Ugandan analysts, led by Old Mutual Investment Group Uganda, have emerged as among the most vocal critics of the pricing strategy. In a detailed initiation note released in late January 2026, Old Mutual valued KPC shares at just Ksh4.61 — nearly half the offer price — warning of limited upside due to what they characterize as an “embedded premium” in the current pricing.
“The current IPO pricing embeds a valuation premium that may constrain near-term upside for public market investors,” the Old Mutual report stated. “We anticipate a post-listing repricing as investor expectations normalize and improved trading liquidity enables clearer price discovery more closely aligned with intrinsic value.”

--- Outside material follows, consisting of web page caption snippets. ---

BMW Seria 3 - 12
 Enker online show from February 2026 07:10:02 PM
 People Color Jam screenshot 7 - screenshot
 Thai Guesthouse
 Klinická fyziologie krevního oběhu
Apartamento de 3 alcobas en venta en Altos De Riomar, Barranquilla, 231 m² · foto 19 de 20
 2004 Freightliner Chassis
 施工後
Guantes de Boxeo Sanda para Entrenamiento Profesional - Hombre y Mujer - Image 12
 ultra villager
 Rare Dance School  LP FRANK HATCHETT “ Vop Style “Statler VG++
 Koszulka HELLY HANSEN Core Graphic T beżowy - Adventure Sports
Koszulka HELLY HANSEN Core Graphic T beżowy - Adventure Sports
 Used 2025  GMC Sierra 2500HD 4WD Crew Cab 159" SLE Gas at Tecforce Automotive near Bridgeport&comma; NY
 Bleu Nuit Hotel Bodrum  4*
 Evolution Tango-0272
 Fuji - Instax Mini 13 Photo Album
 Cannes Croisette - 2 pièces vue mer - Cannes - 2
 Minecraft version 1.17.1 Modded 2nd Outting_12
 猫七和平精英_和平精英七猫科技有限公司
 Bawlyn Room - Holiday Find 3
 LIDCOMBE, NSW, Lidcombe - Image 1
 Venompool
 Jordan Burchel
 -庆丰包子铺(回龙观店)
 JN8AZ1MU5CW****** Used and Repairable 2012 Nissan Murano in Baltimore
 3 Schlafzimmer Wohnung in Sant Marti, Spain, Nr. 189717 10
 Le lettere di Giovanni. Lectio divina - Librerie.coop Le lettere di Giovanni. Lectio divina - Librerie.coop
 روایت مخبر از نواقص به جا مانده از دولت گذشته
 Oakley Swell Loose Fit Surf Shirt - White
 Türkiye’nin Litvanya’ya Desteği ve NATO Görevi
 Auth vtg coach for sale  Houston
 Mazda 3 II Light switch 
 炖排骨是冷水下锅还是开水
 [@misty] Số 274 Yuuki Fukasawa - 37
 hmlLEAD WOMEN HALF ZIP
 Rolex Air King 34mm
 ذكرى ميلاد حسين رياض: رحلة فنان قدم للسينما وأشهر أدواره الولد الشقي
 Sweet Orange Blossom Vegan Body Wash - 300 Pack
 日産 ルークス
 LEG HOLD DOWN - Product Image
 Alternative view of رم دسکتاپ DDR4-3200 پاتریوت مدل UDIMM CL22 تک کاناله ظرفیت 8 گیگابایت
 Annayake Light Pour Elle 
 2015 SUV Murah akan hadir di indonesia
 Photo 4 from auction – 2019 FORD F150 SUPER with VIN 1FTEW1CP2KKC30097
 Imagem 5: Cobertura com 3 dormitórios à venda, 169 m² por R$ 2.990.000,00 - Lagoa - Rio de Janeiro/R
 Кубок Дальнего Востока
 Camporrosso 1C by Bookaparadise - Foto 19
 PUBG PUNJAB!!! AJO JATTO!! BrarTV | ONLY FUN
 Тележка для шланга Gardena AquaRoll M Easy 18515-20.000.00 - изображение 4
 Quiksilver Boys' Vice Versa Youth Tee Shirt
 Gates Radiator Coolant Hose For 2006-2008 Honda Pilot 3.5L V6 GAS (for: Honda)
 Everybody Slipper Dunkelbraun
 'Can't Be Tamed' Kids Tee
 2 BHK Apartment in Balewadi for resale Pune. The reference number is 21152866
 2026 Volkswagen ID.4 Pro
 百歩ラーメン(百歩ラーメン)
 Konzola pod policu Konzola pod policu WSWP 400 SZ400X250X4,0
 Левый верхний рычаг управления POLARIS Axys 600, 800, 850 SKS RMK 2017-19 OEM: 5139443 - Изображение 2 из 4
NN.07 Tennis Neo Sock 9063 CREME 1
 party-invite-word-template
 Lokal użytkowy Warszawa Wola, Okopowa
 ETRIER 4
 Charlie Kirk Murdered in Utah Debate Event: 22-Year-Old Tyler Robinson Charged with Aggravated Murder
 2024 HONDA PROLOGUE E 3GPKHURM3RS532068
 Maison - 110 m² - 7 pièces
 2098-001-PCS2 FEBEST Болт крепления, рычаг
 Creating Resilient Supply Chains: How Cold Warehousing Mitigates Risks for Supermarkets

Old Mutual’s assessment is based on a blended valuation framework combining discounted cash flow analysis and relative market comparables. Their DCF model, using a 16.04% weighted average cost of capital and a 3.0% terminal growth rate, yields a value of Ksh4.26 per share. A second analysis benchmarking KPC against regional utilities including KenGen and Kenya Power, alongside oil and gas operators such as Seplat and Aradel, produces Ksh5.27 per share. Weighting these two methodologies results in the Ksh4.61 fair value estimate, implying a 49% downside to the IPO price.
This skepticism is not limited to Ugandan analysts. Local research houses have reached similar conclusions through independent analysis. NCBA Investment Bank placed fair value at approximately Ksh6.35 per share, arguing that the IPO implies a premium earnings multiple for what is fundamentally a mature, regulated utility. Standard Investment Bank’s pre-offer valuation work estimated KPC’s equity value at around Ksh102 billion, implying roughly Ksh5.61 per share on the post-IPO share base. Other independent analyses have produced fair-value ranges between Ksh3.28 and Ksh5.41.
The government, for its part, set the share price at Ksh9.00 using an earnings-based valuation, specifically an EV/EBITDA multiple of 8.1 times applied to FY2025 EBITDA of Ksh18.6 billion. This methodology implies an equity valuation of approximately Ksh163.6 billion for the entire company based on 18.17 billion shares outstanding — a figure that independent analysts argue significantly overstates intrinsic value.
The valuation debate is particularly striking given that KPC’s underlying business fundamentals appear robust on most operational and financial metrics. The company operates Kenya’s main fuel pipelines and storage facilities, transporting petroleum products across 1,342 kilometers of pipeline infrastructure connecting the Port of Mombasa to inland markets including Nairobi, Eldoret, and Kisumu, with extensions serving landlocked neighbors across East Africa.
This strategic infrastructure position gives KPC steady demand and a central role in the region’s energy supply chain. The company holds a dominant 91% market share in Kenya’s petroleum transportation sector, operating what amounts to a natural monopoly with high barriers to entry that protect its competitive position.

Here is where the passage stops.